The latest figures from the Central Bank of Cyprus (CBN) show excess liquidity edging towards €31bn, confirming a trend already noted in recent analyses of the sector’s strong fundamentals,including rising deposits in September.
According to Thursday’s data, total deposits reached €57.6bn in October, while total loans stood at €26.8bn.
The gap remains far from the conditions of 2013, when loans exceeded deposits by roughly €17bn, a reversal that has been repeatedly documented in recent coverage of banking-sector strengthening, such as the overview of broader economic performance published earlier in November.
Confidence began to stabilise in April 2018, when deposits first surpassed loans by €1.9bn.
By the end of 2018 the surplus had risen to €8.7bn, climbing to €15.1bn in 2019 and €16.4bn in 2020.
It continued to expand in the following years, reaching €21.6bn in 2021, €26.3bn in 2022, €27.4bn in 2023 and €30.5bn in 2024, a trend reinforced by the steady rise in corporate and household savings, including the record €12.5bn in corporate deposits reported last August.
Meanwhile, Cypriot banks maintain one of the strongest liquidity positions in the European Union.
The liquidity coverage ratio stands at 335 per cent, more than triple the regulatory minimum of 100 per cent, broadly in line with the high LCR levels highlighted in August’s review of Cypriot and European banks.
For Bank of Cyprus, the Group LCR reached 313 per cent at the end of September 2025, compared with 304 per cent in June and 309 per cent at the end of 2024.
Excess liquidity amounted to €8.5bn in September, up from €8.1bn in June and December, marking a 5 per cent quarterly increase driven by higher deposits, a development consistent with broader assessments of the bank’s strengthened balance sheet and profitability, as noted in late-October reporting.
While the system’s liquidity remains one of the highest in Europe, not all analysts view this as unequivocally positive.
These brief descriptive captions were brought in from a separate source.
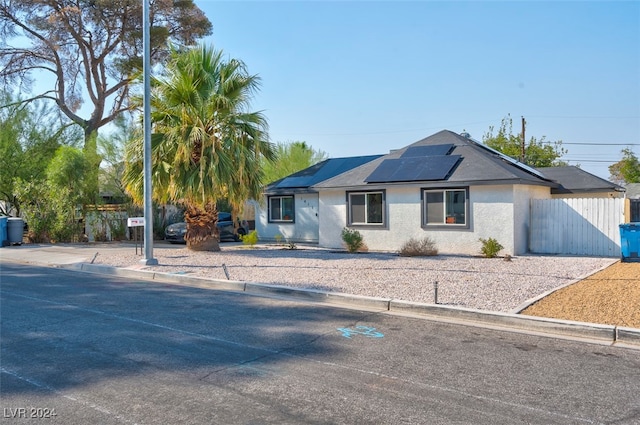 ranch-style house featuring solar panels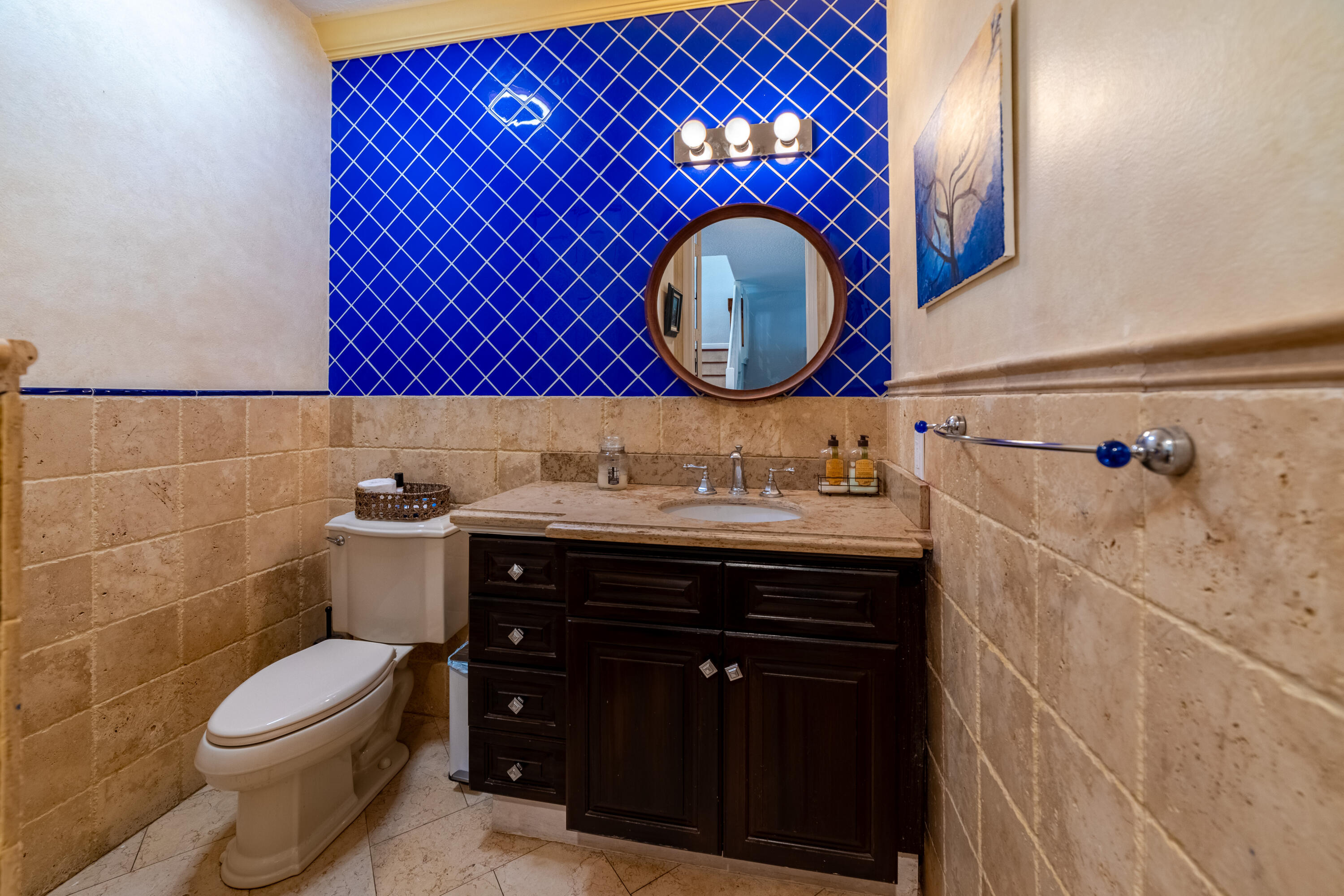 136 Spruce Street Boynton Beach, FL 33426 - Photo 13 of 24 a bathroom with a sink a mirror and a toilet
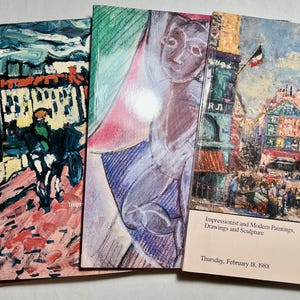 May include: Four auction catalogs from Christie's New York, each featuring distinct art on the cover. The rightmost catalog is titled Impressionist and Modern Paintings, Drawings and Sculpture, dated Thursday, February 18, 1988, with a street scene.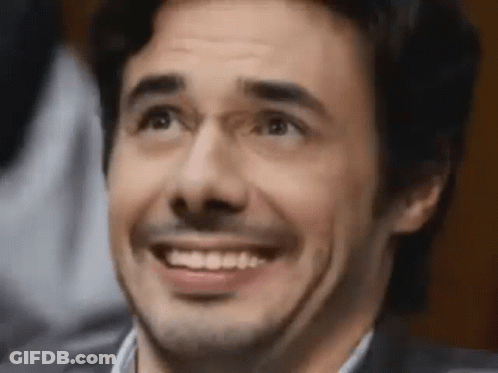 A Close Up Of A Man Making A Funny Face While Smiling . GIF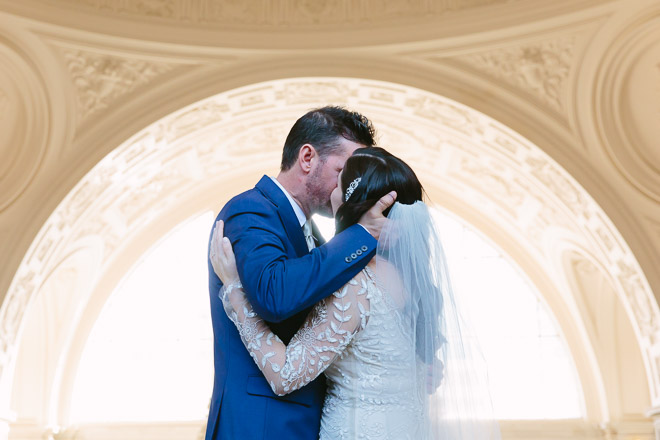San Francisco wedding
photographer, bride and groom kissing during their wedding ceremony at San Francisco City Hall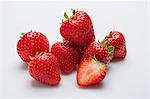 Several strawberries against a white background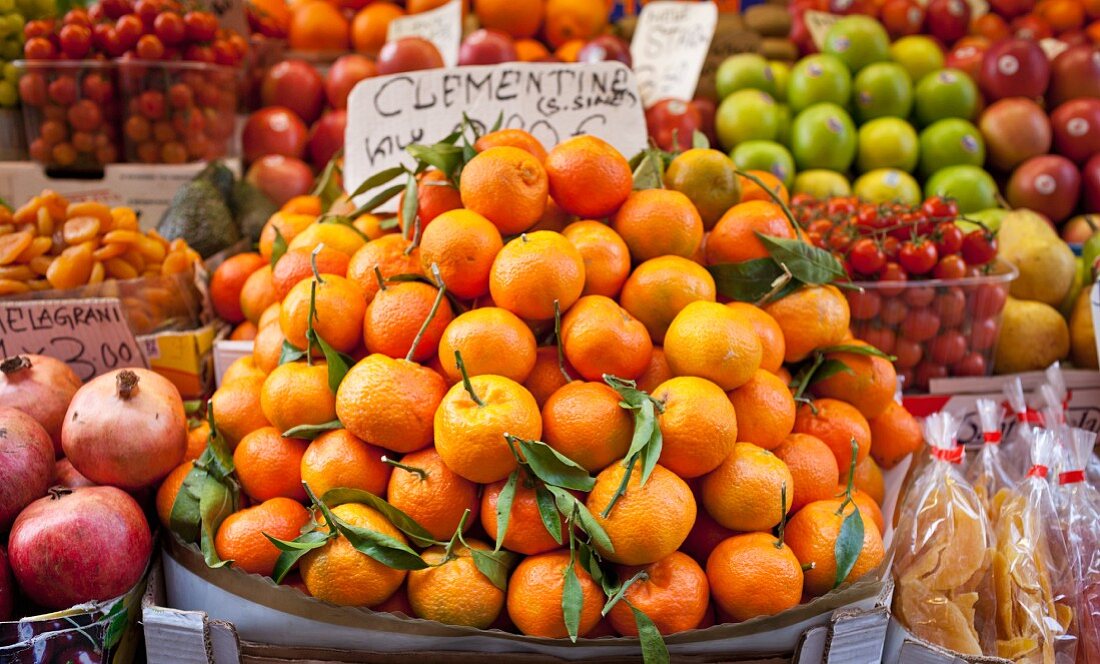 Clementines, pomegranates, tomatoes, apples, dried apricots and dried mango at a vegetable stand in Venice, Italy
A recent column examining the allocation of financial resources argued that a significant share of the liquidity surplus continues to be placed with the European Central Bank rather than channelled into new lending, raising questions about the banking sector’s support to the real economy.
Nonetheless, the combination of robust deposits, high solvency and historically strong liquidity ratios continues to underpin confidence in the stability of Cyprus’ banking system, as reflected in the renewed international interest highlighted at the end of November.